Om Edibles, an all-female-run collective that manufactures medicinal cannabis, has received a permit to operate in Berkeley.
The collective has been producing medicinal cannabis for dispensaries across California from the Bay Area since 2008. The local permit is a “precursor” to the state permit, which Om Edibles plans to apply for in January 2018, according to Om Edibles owner Maya Elisabeth.
California Proposition 64, which will legalize recreational cannabis sales in California beginning January 2018, has motivated new changes within the cannabis industry, and the city of Berkeley released a set of emergency regulations last week. The regulations include rules regarding license applications for manufacturers.
“Regulations are full of details and technicalities. It’s not necessarily how I pictured the energy and spirit of the plant,” Elisabeth said.
Elisabeth said she still has the potential to be “pleasantly surprised” by the decisions made in California, which have not been as strict as the ones made in Colorado. California’s growers and manufacturers, Elisabeth said, have more time to “get compliant” with regulations.
Berkeley currently has at least five approved medical cannabis manufacturers, according to Elizabeth Greene, secretary of the Berkeley Cannabis Commission. The permit process for medicinal cannabis manufacturers is the same as the process for other “light manufacturers,” according to Greene.
“The one exception is that medical cannabis manufacturers can only sell their products on a wholesale basis to dispensaries,” Greene said in an email. “Direct retail sales to patients, either through on-site sales, delivery or on-line orders is only permitted by businesses with a dispensary license.”

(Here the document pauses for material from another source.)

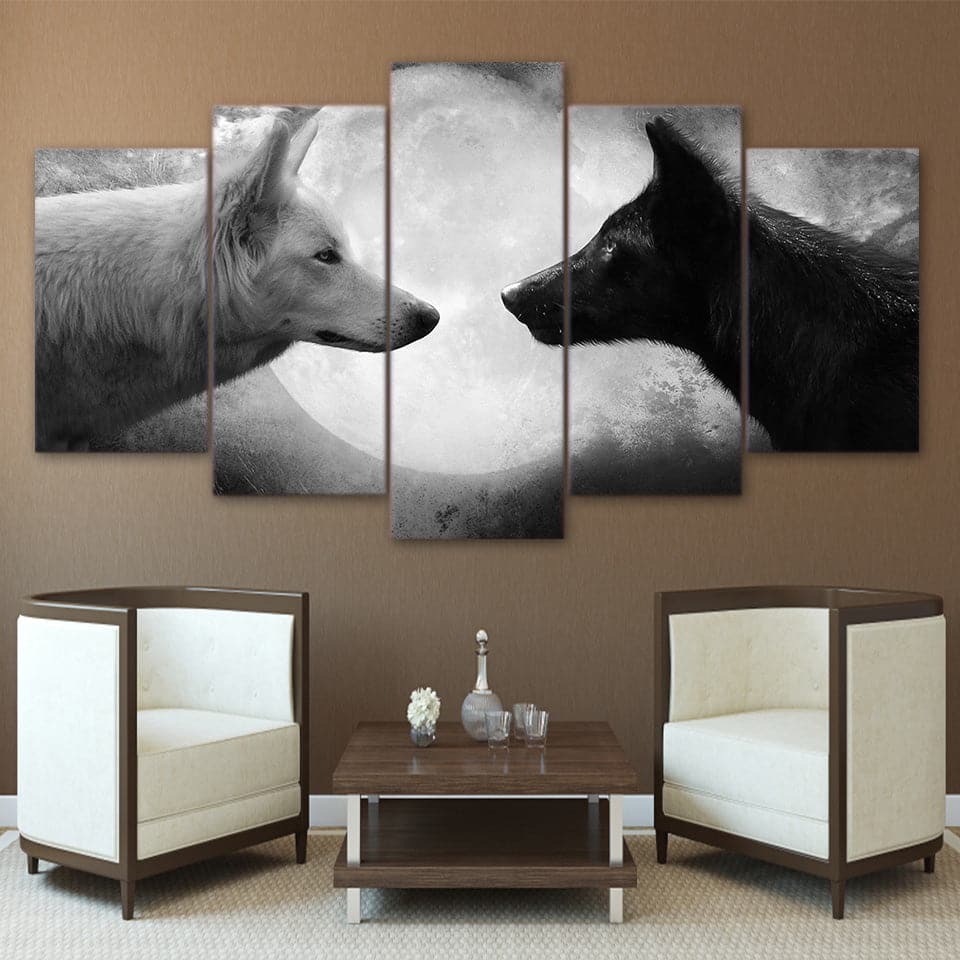 Framed 5 Panels - Wolfs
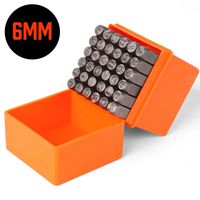 HORUSDY 36-Piece 6mm Number & Capital Letter Stamp Set (A-Z & 0-9) Punch Perfect for Imprinting Metal, Plastic, Wood, Leather.1/4 (6mm)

Moving forward with the permit, Elisabeth said the challenges she will face are similar to the ones that other businesses are already facing. Manufacturers will work on streamlining production: making sure they keep their labs properly calibrated, their data accurate and their dosage measurements precise.
“No one wants to waste medicine,” Elisabeth said.
Some manufacturers will have trouble sourcing clean materials for their production, Elisabeth said, adding that she believes it is important to find growers who have experience and an “actual relationship with the plant.”
The industry feels like a community in many ways, Elisabeth said, but is also cutthroat and competitive, calling it a “race to the top,” which people will do anything to reach.
“Everyone is talking about the money now, but 10 to 15 years ago, it was really about getting the medicine,” Elisabeth said.